# [Problem requirements]
Without the pictures, repeat all of the data exactly as it appears below.

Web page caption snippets

----

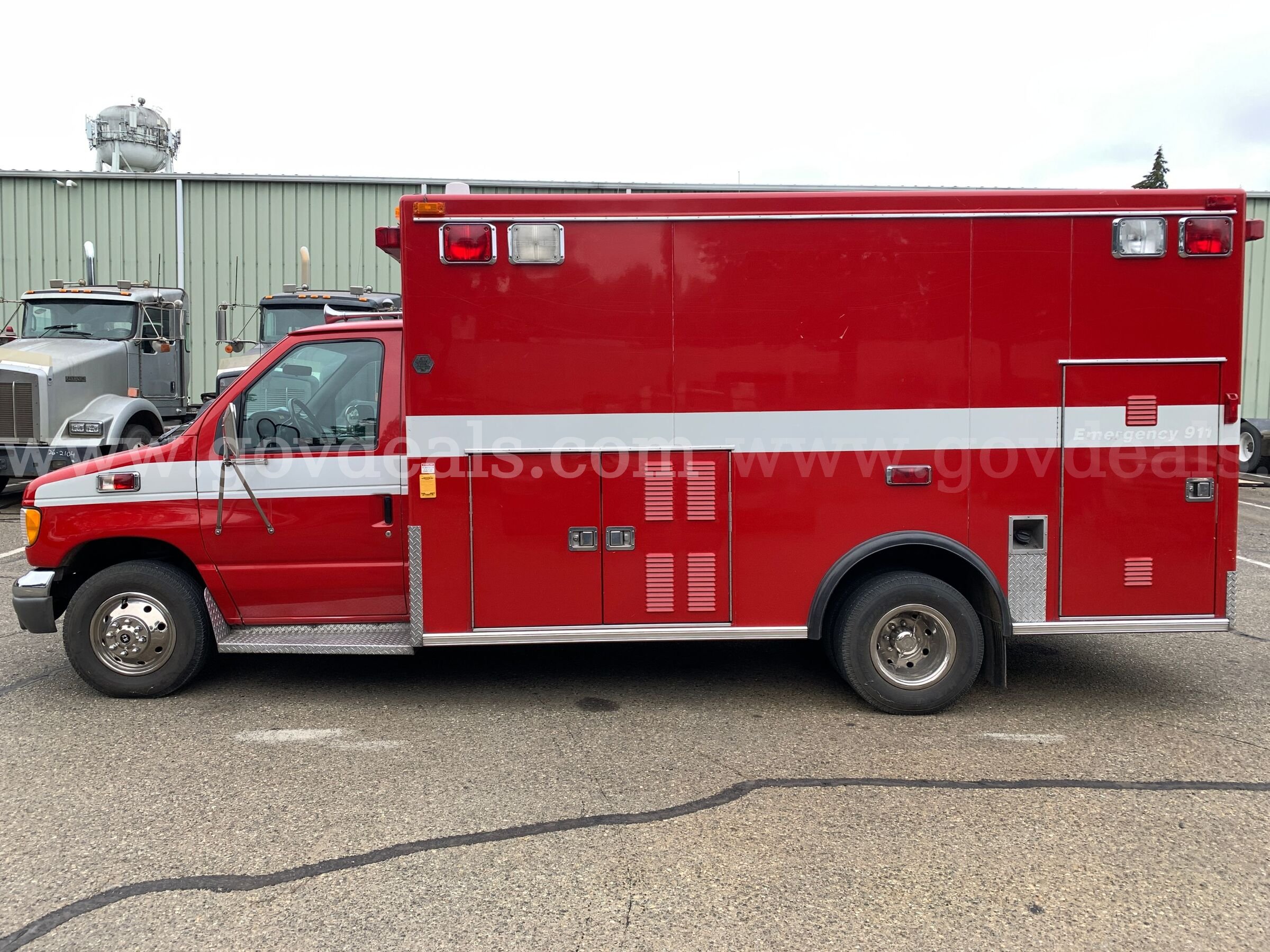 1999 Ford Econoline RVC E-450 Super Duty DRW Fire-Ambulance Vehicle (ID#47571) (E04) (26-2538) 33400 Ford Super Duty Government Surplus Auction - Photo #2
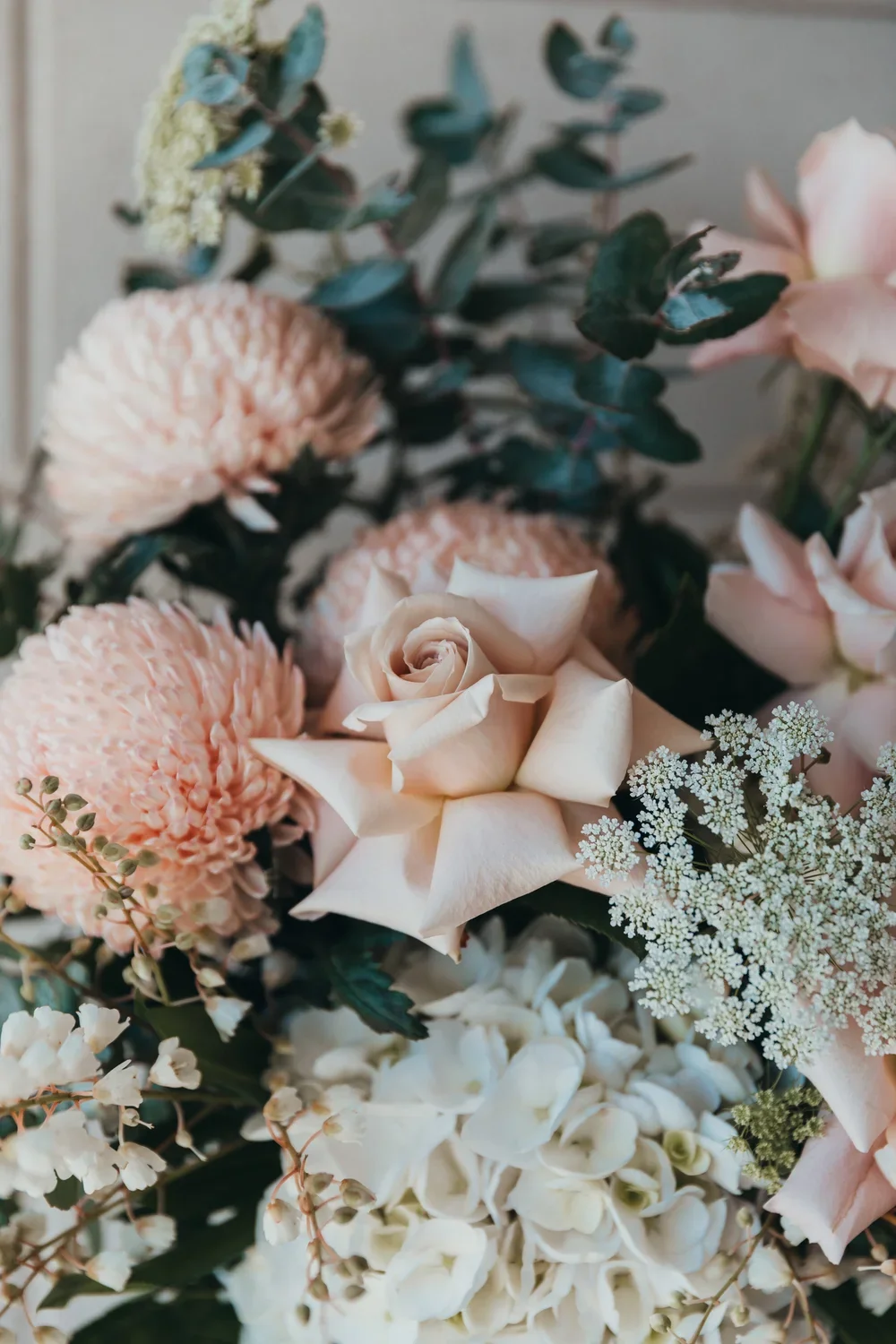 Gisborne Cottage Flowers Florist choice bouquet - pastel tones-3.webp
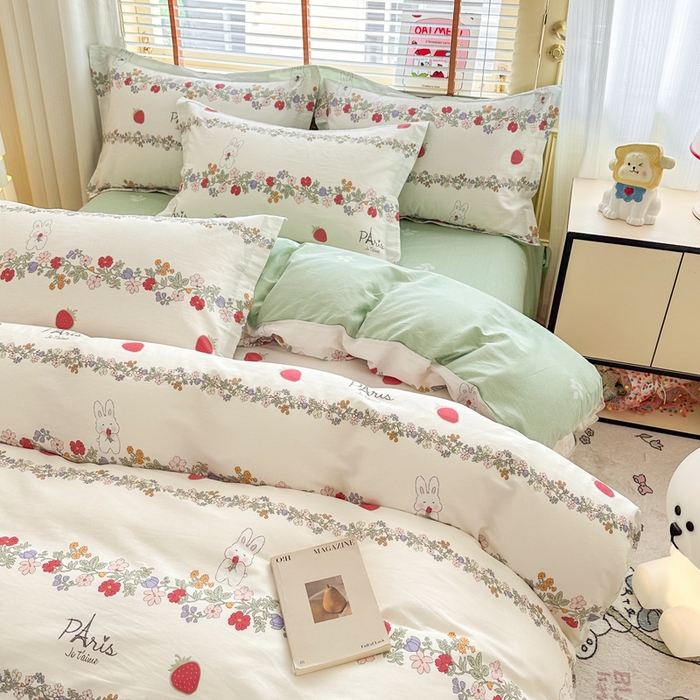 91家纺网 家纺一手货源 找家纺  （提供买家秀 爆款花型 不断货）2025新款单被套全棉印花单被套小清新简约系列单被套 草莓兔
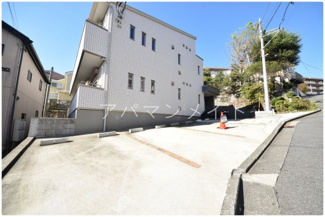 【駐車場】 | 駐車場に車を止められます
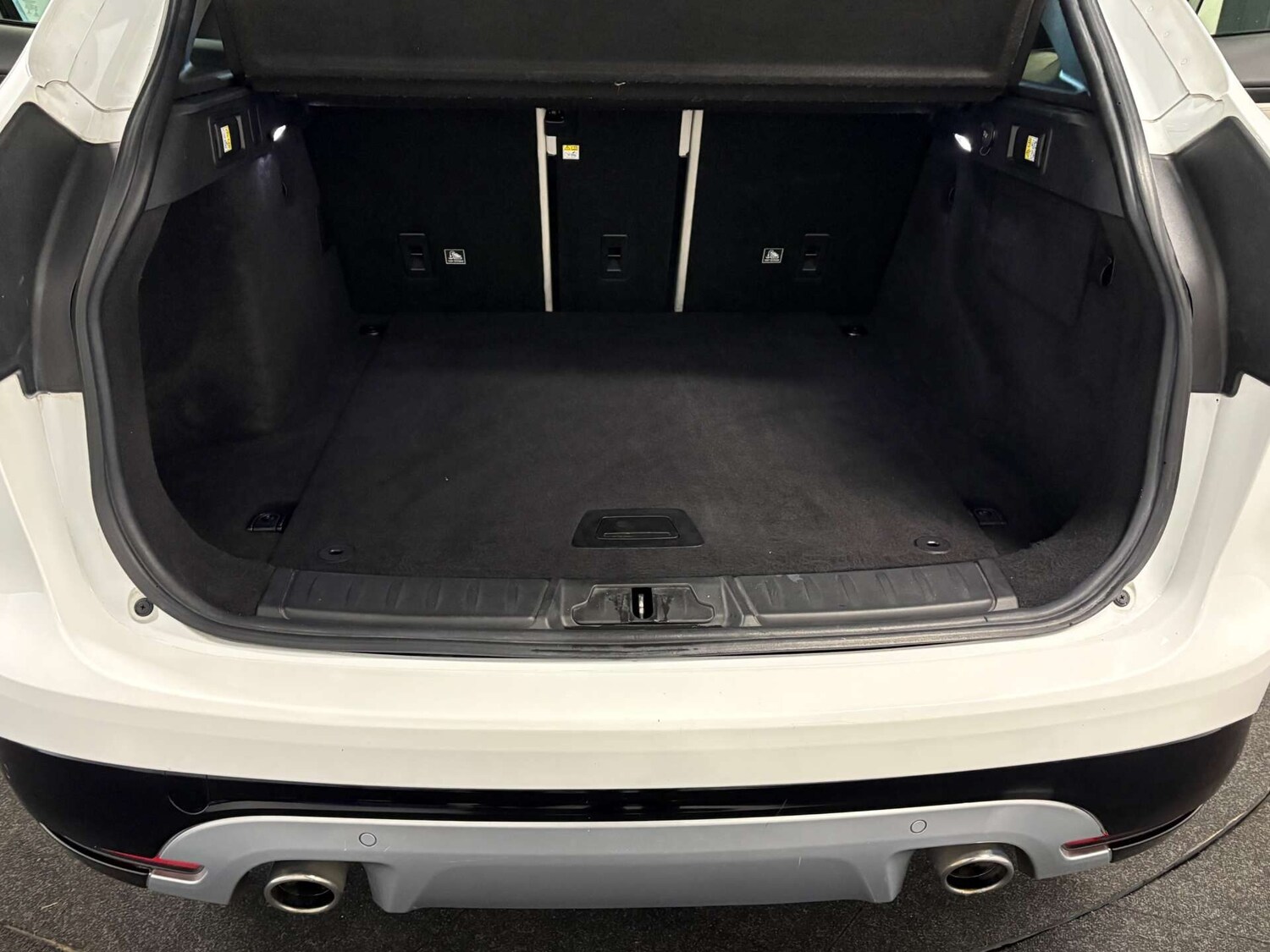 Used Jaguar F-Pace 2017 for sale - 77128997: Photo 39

----

# [Expected output]
 1999 Ford Econoline RVC E-450 Super Duty DRW Fire-Ambulance Vehicle (ID#47571) (E04) (26-2538) 33400 Ford Super Duty Government Surplus Auction - Photo #2
 Gisborne Cottage Flowers Florist choice bouquet - pastel tones-3.webp
 91家纺网 家纺一手货源 找家纺  （提供买家秀 爆款花型 不断货）2025新款单被套全棉印花单被套小清新简约系列单被套 草莓兔
 【駐車場】 | 駐車場に車を止められます
 Used Jaguar F-Pace 2017 for sale - 77128997: Photo 39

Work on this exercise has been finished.